Lower storage costs and better performance. Each shard receives traffic for a (relatively) small subset of tenants. This is important because our storage systems isolate—down to the file level— tenants from each other, using logical namespaces that have non-trivial overhead. Thus, limiting the cardinality of the set of tenants concurrently processed by a worker results in large cost and performance improvements. For example, Husky isolates each tenant’s data into a dedicated table, and we never mix data from different tables in the same file. As a result of this, there is an almost-linear relationship between the number of tenants processed by a Husky Writer node and the number of output files uploaded to blob storage. Since we pay for every file created, having more files leads to increased costs—and introduces more work for the Husky Compactor service.

Of course, introducing deterministic data locality into our Kafka topics wasn’t easy. We needed to ensure that a given event ID would always be routed to the same shard, while still accommodating the unpredictable nature of our customer workloads.

A few of the most challenging problems we had to grapple with were:

Handling assignment changes. The set of shards that a tenant’s events are routed to may need to change over time—often due to changes in the tenant’s volume of traffic, or changes in the total number of shards available. It’s common for individual tenants to suddenly increase their volume (temporarily or persistently) by one to two orders of magnitude in a short period of time. The set of shards can be changed as a result of a scaling action (adding more shards for a tenant) or a rebalancing action (use different shards for a tenant to balance traffic better).
Consensus between distributed Shard Router nodes. Specifically, every Shard Router node must always make the same decision about which shard to route a given event to, or we risk introducing duplicate data into the system.
Load balancing. Each shard should receive a roughly-equal slice of input traffic, so that the ingestion nodes are load balanced.

Handling assignment changes with time-bounded Shard Placements

Given a list of shards and a unique event ID, we can easily come up with a scheme to deterministically map that ID to a particular shard in a cheap and stateless manner:

S = shards[hash(event_id) % num_shards]

As long as each Shard Router knows the set of shards assigned for each tenant, it’s fairly easy to implement consistent and deterministic routing. However, we mentioned earlier how the set of shards that a tenant is assigned to could change over time—because the tenant started emitting ten times as much data, for example. The simple modulo-based algorithm above would break our deterministic routing every time there is a change to the number of shards assigned to a given tenant.

For this reason, we introduce the concept of time-bounded Shard Placements.
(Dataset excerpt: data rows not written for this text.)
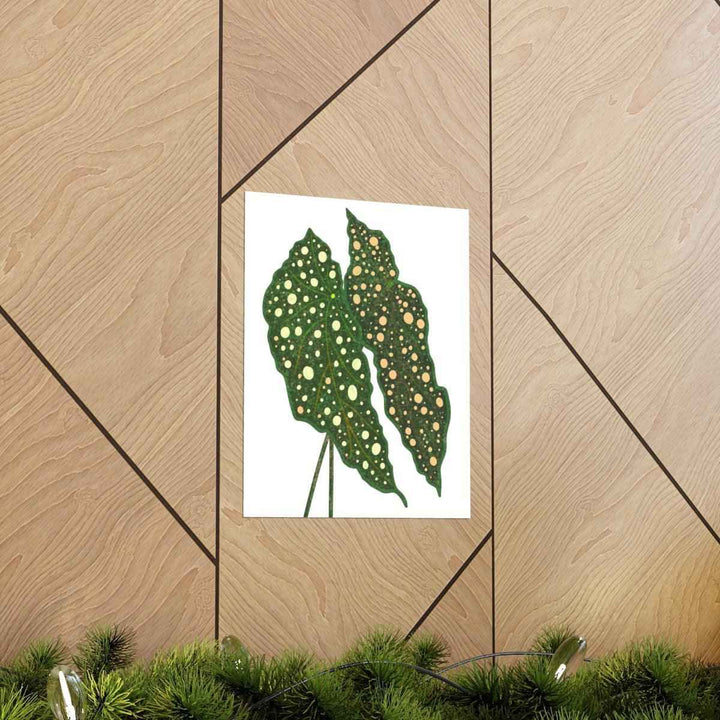 Begonia Maculata Print - Botanical Wall Art on Museum Grade Paper | Matte Finish Unframed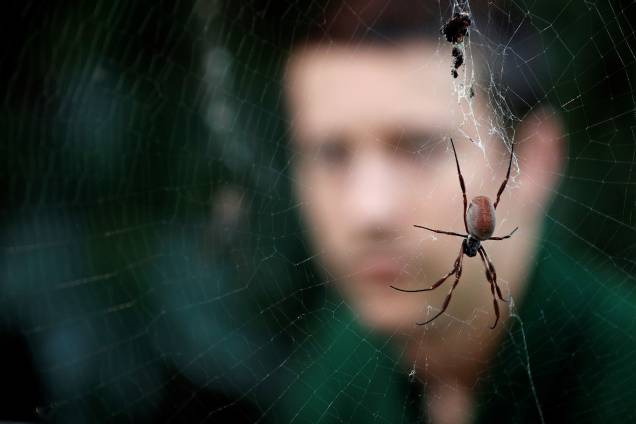 Funcionário do Zoológico de Londres observa aranha em sua teia durante a contagem anual dos animais residentes - 03/01/2019 Funcionário do Zoológico de Londres observa aranha em sua teia durante a contagem anual dos animais residentes - 03/01/2019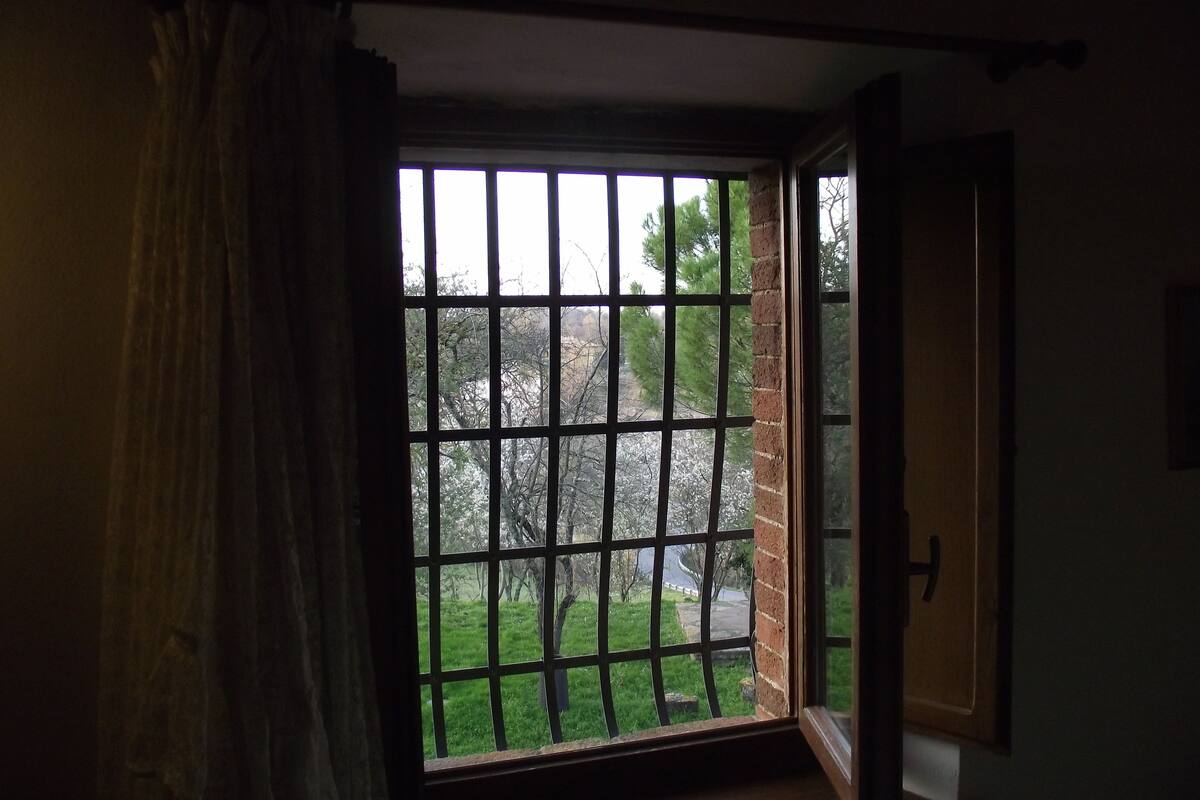 double room | view from room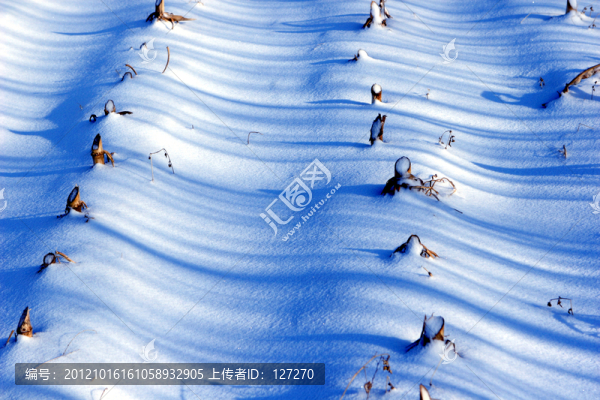 雪譜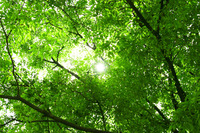 tree_woods_beiz_jp_S02456.jpg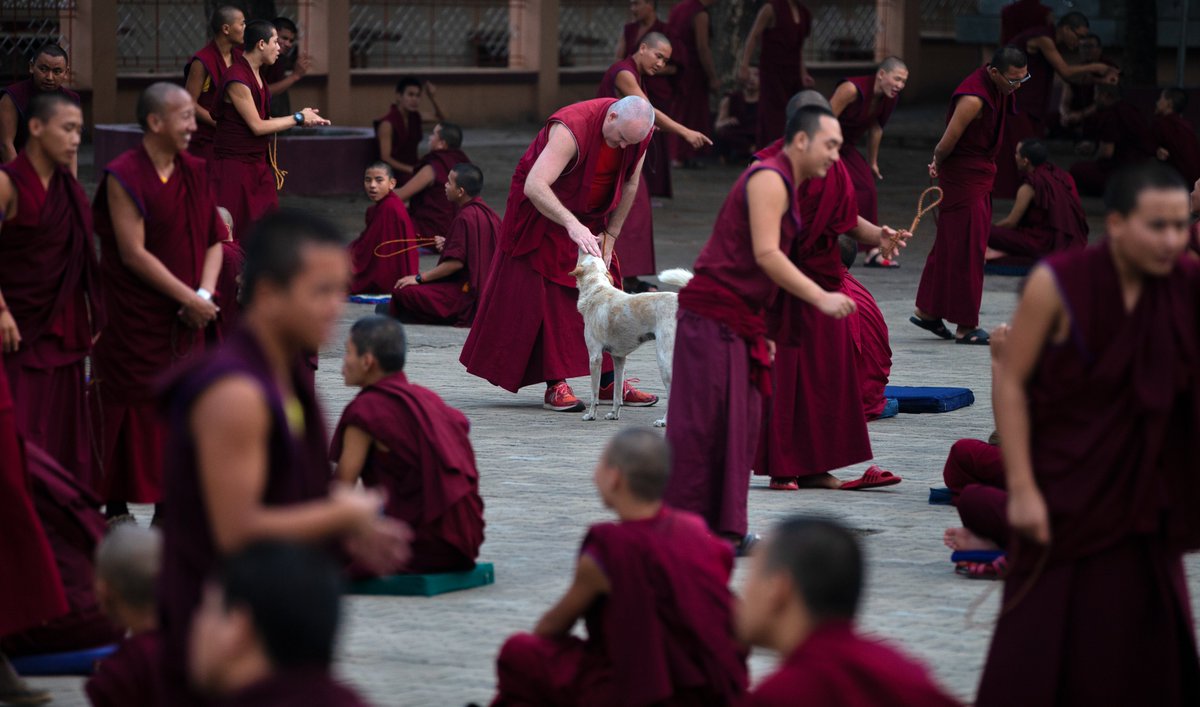theburrownft's tweet photo. Some more 1/1 art from our collection, Pause 🧵

Moment of Compassion by @harimenonz 

These Tibetan monks in Coorg spend most of their day in prayers and meditation, but even they have those moments in between their daily routines when they take a break. https://t.co/eWkmGN417S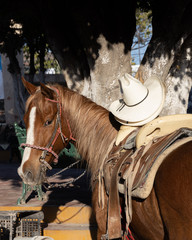 Cowboy hats resting on a wooden Mexican saddle.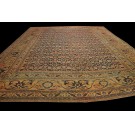 Mid 19th Century N.E. Persian Khorassan Moud Carpet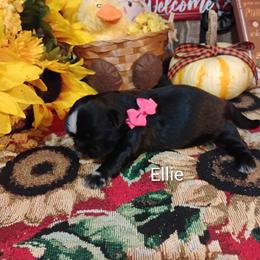Girl 1 - female Shih Tzu puppy in Ruffs Dale, Pennsylvania from RAM Shih Tzus Rolling Hills of PA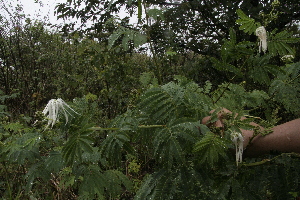  ( - BioBot10105)  @11 [ ] Copyright (2010) Unspecified Unspecified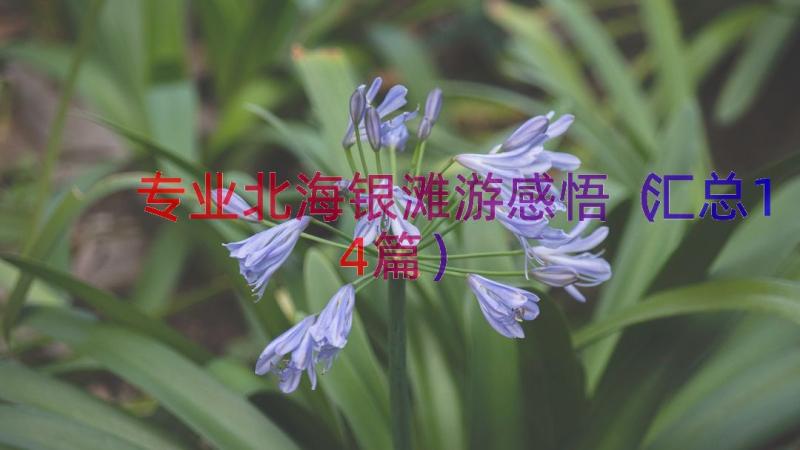 专业北海银滩游感悟（汇总14篇）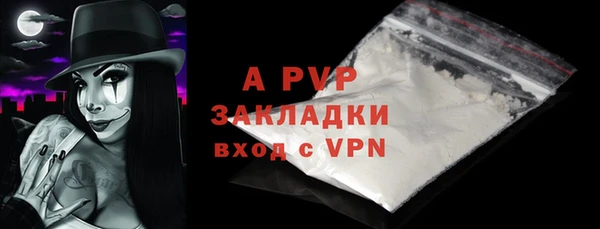 прущие грибы Вяземский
When we assign a tenant to a set of shards, we make sure that the assignment is only valid for a specific range of time: usually just a few minutes, which is enough to effectively react to environmental updates that might change the ideal set of shards for a tenant. To guarantee deterministic routing, Shard Placements are immutable once they are allocated.

As long as each Shard Router has this history of Shard Placements, it can deterministically route events by first looking up a placement corresponding to an event’s timestamp, and then choosing a shard using the hash modulo approach we mentioned earlier. Each new placement can differ from the last, allowing us to vary the number of shards a tenant is assigned to over time.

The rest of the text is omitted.